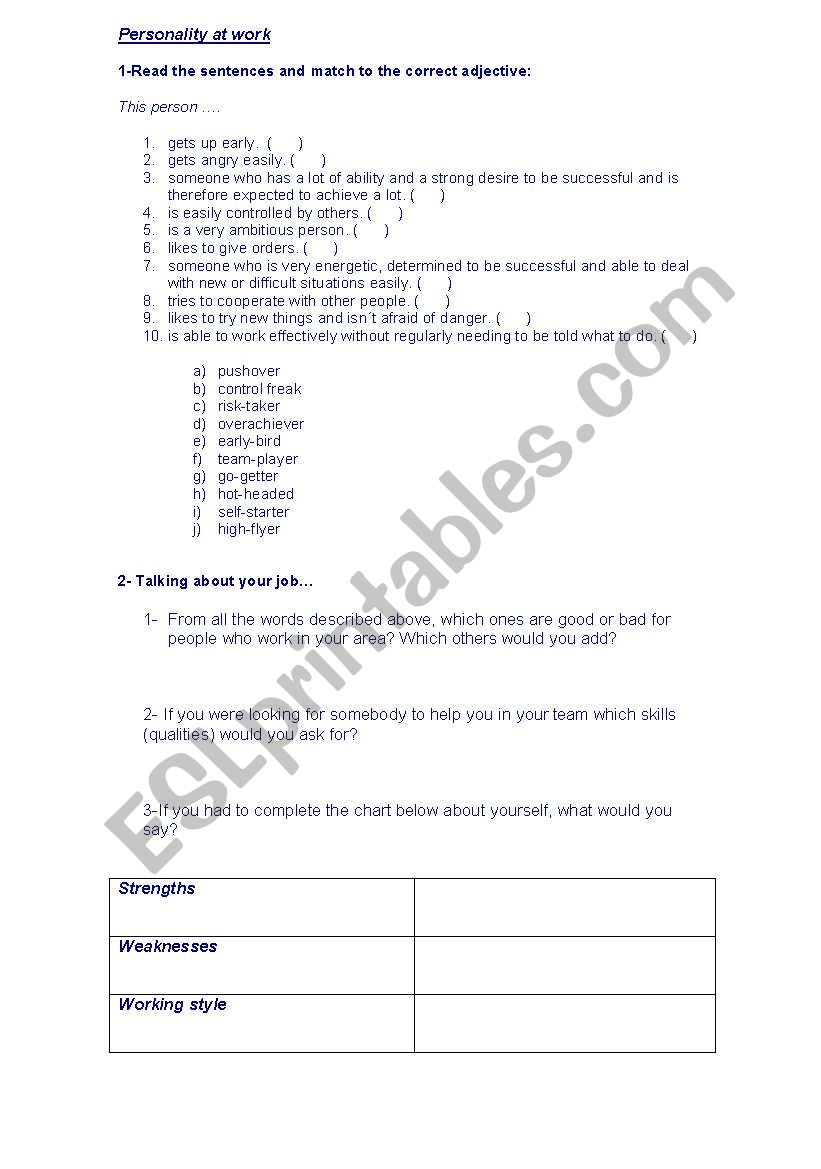 Personality at work worksheet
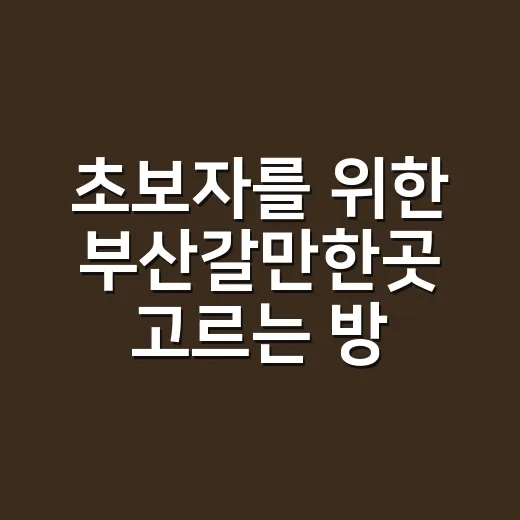 초보자를 위한 부산갈만한곳 고르는 방법 - 요약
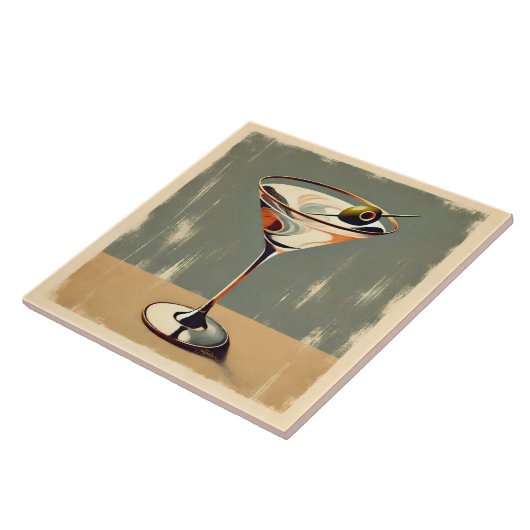 Mid Century Modern 1 Olive Martini schilderij Tegeltje (Zijkant)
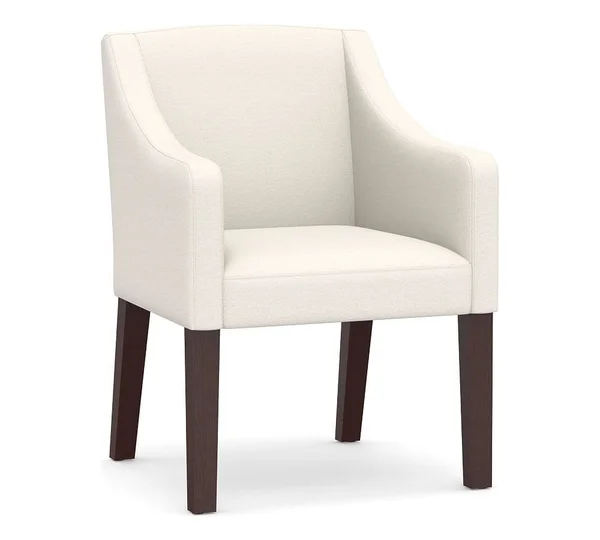 PB Classic Upholstered Slope Armchair with Espresso Legs - Performance Chateau Basketweave Ivory - Furniture - Dining Chairs u002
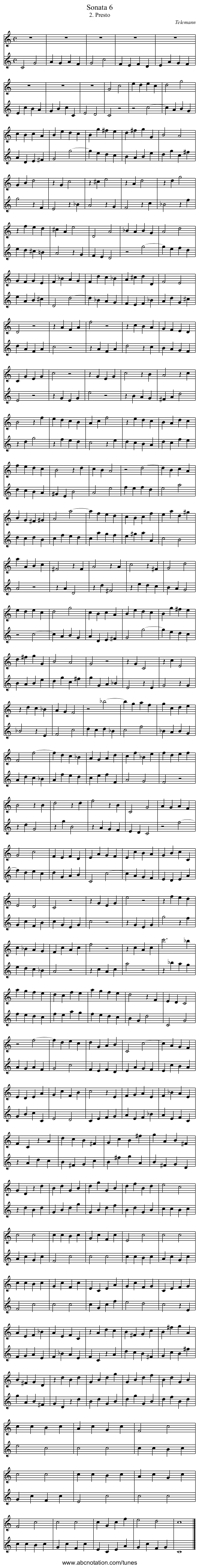 Sonata 6 - staff notation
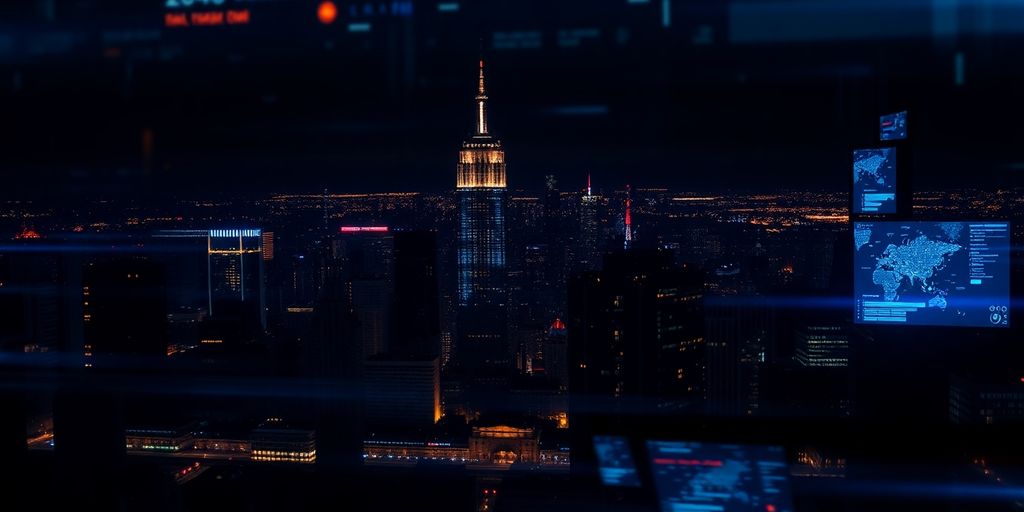City skyline at night with digital cyber motifs.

Directions for this task – Restate the full listing verbatim and drop every picture.

Reply to the exercise –
 Personality at work worksheet
 초보자를 위한 부산갈만한곳 고르는 방법 - 요약
 Mid Century Modern 1 Olive Martini schilderij Tegeltje (Zijkant)
 PB Classic Upholstered Slope Armchair with Espresso Legs - Performance Chateau Basketweave Ivory - Furniture - Dining Chairs u002
 Sonata 6 - staff notation
City skyline at night with digital cyber motifs.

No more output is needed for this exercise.